:: DIRECTIONS FOR THIS TASK ::
After locating the line that contains "Bánh cuốn Hải" in the records below, write out exactly that line and each line after it through the one that contains "Eunápolis: Manifestantes pró-Bolsonaro", and nothing else.

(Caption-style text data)
--*--

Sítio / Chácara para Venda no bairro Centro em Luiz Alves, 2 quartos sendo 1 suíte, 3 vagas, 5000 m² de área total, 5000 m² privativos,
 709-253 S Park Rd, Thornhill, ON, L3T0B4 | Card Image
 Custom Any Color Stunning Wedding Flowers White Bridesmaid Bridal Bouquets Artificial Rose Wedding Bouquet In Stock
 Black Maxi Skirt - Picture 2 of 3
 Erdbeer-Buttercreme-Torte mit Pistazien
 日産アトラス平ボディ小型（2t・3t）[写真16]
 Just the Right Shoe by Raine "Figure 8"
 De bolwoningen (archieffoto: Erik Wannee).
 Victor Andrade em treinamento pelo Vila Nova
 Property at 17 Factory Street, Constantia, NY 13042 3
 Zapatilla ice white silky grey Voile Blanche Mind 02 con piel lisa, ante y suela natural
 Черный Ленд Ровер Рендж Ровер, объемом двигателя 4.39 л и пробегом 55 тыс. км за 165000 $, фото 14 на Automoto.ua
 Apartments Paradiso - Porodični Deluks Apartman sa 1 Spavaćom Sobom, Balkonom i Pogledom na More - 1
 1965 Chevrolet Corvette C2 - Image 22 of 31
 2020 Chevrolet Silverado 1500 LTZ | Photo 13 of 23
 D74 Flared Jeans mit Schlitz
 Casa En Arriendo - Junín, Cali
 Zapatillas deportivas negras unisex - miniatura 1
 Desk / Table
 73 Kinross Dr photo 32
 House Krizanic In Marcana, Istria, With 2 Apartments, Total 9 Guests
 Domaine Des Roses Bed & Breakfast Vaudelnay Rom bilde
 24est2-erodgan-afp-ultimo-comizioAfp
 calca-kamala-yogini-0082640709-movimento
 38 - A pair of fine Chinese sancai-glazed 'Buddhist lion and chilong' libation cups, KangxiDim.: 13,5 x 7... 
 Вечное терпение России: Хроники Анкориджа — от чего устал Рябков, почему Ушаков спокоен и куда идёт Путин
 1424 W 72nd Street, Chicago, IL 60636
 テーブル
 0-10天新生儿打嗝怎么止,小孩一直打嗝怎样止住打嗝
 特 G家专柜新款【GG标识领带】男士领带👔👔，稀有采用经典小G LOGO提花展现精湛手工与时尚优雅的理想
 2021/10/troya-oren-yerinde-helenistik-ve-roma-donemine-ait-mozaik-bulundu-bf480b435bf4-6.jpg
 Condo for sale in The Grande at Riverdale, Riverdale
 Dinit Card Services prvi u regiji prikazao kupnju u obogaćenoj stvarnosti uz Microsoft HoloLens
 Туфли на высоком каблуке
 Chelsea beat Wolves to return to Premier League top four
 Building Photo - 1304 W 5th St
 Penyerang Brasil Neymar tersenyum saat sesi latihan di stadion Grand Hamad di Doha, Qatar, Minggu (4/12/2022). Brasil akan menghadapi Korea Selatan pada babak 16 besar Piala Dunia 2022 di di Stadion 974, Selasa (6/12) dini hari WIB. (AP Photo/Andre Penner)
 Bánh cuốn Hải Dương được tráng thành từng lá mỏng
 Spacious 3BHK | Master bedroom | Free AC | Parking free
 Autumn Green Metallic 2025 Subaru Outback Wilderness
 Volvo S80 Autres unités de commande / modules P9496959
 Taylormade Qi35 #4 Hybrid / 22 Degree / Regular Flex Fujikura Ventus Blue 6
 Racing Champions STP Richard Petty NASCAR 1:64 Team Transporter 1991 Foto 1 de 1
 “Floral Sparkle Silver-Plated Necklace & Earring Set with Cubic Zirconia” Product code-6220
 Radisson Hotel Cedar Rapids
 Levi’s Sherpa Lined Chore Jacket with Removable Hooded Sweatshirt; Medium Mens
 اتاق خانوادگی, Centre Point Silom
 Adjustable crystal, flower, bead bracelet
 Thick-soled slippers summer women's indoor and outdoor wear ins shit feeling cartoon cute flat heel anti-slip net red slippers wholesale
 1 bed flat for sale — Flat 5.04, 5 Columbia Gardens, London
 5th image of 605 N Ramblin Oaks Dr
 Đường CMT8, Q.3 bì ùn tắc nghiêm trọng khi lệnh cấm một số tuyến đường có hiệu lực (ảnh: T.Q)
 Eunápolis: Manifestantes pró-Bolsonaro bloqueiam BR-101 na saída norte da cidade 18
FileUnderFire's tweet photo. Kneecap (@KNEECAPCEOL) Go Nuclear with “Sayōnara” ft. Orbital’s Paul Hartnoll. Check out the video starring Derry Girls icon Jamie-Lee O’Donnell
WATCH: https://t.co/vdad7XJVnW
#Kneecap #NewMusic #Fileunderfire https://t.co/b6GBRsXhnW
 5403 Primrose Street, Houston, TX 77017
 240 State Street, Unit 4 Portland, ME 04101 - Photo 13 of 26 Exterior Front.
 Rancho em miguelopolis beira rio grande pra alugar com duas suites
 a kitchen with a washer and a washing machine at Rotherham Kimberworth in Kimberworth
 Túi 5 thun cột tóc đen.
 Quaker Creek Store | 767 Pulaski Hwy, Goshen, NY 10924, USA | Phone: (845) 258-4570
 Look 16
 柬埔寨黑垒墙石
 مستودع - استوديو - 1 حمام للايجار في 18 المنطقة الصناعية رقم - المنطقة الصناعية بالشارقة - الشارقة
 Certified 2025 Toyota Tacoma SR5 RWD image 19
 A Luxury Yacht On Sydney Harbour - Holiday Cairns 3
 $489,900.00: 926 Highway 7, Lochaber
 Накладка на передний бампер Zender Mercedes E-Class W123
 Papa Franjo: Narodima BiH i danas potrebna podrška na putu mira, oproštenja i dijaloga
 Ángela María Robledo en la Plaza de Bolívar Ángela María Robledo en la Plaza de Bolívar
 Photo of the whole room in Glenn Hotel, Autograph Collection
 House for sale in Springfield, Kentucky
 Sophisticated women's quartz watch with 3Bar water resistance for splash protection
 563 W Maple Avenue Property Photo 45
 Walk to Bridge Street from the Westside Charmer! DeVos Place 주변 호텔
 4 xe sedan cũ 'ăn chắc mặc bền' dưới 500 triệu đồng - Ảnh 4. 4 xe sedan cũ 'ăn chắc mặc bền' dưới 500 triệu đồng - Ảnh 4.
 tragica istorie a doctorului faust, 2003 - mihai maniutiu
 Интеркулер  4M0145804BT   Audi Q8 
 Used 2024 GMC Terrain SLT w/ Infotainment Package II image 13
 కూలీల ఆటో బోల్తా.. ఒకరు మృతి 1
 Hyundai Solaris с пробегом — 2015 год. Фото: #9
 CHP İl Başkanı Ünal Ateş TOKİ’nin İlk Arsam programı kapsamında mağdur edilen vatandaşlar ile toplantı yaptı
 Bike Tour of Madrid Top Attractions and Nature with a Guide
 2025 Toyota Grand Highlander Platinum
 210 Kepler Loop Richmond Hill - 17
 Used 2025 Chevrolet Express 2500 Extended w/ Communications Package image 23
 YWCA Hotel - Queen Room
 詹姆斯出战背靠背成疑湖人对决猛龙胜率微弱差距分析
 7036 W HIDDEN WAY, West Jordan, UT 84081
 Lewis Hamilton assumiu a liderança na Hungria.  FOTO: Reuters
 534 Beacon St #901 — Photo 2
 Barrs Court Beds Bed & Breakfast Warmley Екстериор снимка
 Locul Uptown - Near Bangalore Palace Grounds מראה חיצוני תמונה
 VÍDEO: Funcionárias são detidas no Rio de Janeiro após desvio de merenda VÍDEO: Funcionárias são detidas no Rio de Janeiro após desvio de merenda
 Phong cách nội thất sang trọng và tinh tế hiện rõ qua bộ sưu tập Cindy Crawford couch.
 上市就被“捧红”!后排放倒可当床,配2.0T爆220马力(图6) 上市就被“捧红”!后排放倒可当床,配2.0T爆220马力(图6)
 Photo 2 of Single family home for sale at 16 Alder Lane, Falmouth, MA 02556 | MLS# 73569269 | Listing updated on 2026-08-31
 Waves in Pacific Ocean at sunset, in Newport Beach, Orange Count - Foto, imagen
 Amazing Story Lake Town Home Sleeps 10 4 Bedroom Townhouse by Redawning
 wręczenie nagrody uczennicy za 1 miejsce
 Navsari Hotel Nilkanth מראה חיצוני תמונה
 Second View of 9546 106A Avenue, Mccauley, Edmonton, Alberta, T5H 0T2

--*--

:: YOUR SOLUTION ::
 Bánh cuốn Hải Dương được tráng thành từng lá mỏng
 Spacious 3BHK | Master bedroom | Free AC | Parking free
 Autumn Green Metallic 2025 Subaru Outback Wilderness
 Volvo S80 Autres unités de commande / modules P9496959
 Taylormade Qi35 #4 Hybrid / 22 Degree / Regular Flex Fujikura Ventus Blue 6
 Racing Champions STP Richard Petty NASCAR 1:64 Team Transporter 1991 Foto 1 de 1
 “Floral Sparkle Silver-Plated Necklace & Earring Set with Cubic Zirconia” Product code-6220
 Radisson Hotel Cedar Rapids
 Levi’s Sherpa Lined Chore Jacket with Removable Hooded Sweatshirt; Medium Mens
 اتاق خانوادگی, Centre Point Silom
 Adjustable crystal, flower, bead bracelet
 Thick-soled slippers summer women's indoor and outdoor wear ins shit feeling cartoon cute flat heel anti-slip net red slippers wholesale
 1 bed flat for sale — Flat 5.04, 5 Columbia Gardens, London
 5th image of 605 N Ramblin Oaks Dr
 Đường CMT8, Q.3 bì ùn tắc nghiêm trọng khi lệnh cấm một số tuyến đường có hiệu lực (ảnh: T.Q)
 Eunápolis: Manifestantes pró-Bolsonaro bloqueiam BR-101 na saída norte da cidade 18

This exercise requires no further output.